I haven’t run a community build with -Yrangepos on, and I haven’t yet audited the positions tag, so there may be more issues lurking.

I’d be glad to work on enabling it by default for 2.13. Seth recommended I create a thread here for suggestions and feedback before getting seriously started.

Thanks!
–harrison

(sorry about the lack of issue links; discourse won’t let me add more than 2 links it seems.)

3 Likes

Has someone benchmarked the impact of enabling -Yrangepos in real-world projects? I think it would be interesting to know this information so that we can better reason how this would affect the ecosystem :smile:

1 Like

That’s reasonable. I suspect that, with the position validation disabled, the performance impact shouldn’t be too great. I’ll run a benchmark with rangepos on and validation off, and see what changes.

I think that position validation shouldn’t be a normal warning, because usually it indicates a compiler bug that the user can’t do anything about.
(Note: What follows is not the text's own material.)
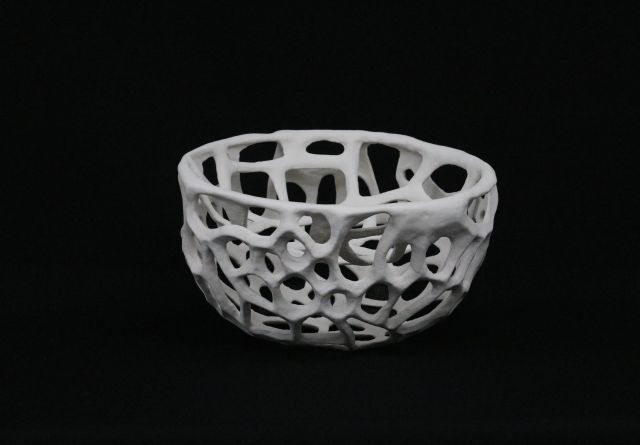 Dubbelwandige opengewerkte schaal van keramiek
Running a validated (community-)build as a way of ensuring that everything works nicely would probably be better than issuing strange warnings to users.

Can’t we just run the community-build with the option both on and off and compare?

AFAIK the community build is ill-suited to timing, because it compiles each project exactly once and with no warmup. I’m running a comparative benchmark on better-files with compiler-benchmark right now; I’ll see if that gives meaningful results.

Here is a semi-scientific benchmark of turning on rangepos unconditionally. There seems to be a slight performance drop on the order of tens of milliseconds. I haven’t put any effort into checking if there’s optimization opportunities in the rangepos code; I suspect that there are, and I’ll try to optimize it as this progresses.

How do I read this benchmark to find the before and after numbers? In my own benchmarking (which unfortunately I can’t share) I found > 5% performance hit and this may indicate I need to revisit that benchmarking.

Ach, good catch; I pasted the wrong thing. Updated.

The top results are after; the bottom before. The “after” code also removes the position validation pass which -Yrangepos previously inserted after parser and typer, because I expect to put it behind a development flag, as mentioned above.

Am I correct in interpreting this as “the performance impact of the proposed change” then, not “the existing performance impact of enabling -Yrangepos”? If I am reading this correctly another way to interpret “tens of milliseconds” is about 5% based on this benchmark.

another way to interpret “tens of milliseconds” is about 5% based on this benchmark.

yep, that seems right as of that change. I suspect most of that is spent in atPos, which got a bit more complicated. Again, I’ll look into whether it can be sped up (almost certainly it can). If this does impose a significant performance penalty, that’s something that will need to be considered.

5% was enough for it to be rejected by default when I looked at it. I will be curious what you come up with for performance improvements though as something should be possible there. For comparison, Clang generates their version of a semanticdb (positions, symbols, everything to power an IDE) in under 5% performance overhead so for just positions you may find some big wins.

The community build is problematic for measuring compiler performance as the overall runtime is mostly other things (resolving dependencies, compiling sbt build definitions, running tests). You could imagine adding instrumentation to try to isolate out the different components, but that work hasn’t been done.

Our preferred way to get this kind of data is GitHub - scala/compiler-benchmark: Benchmarks for scalac . The included codebases aren’t as numerous or diverse as what we have in the community build, but it’s good enough.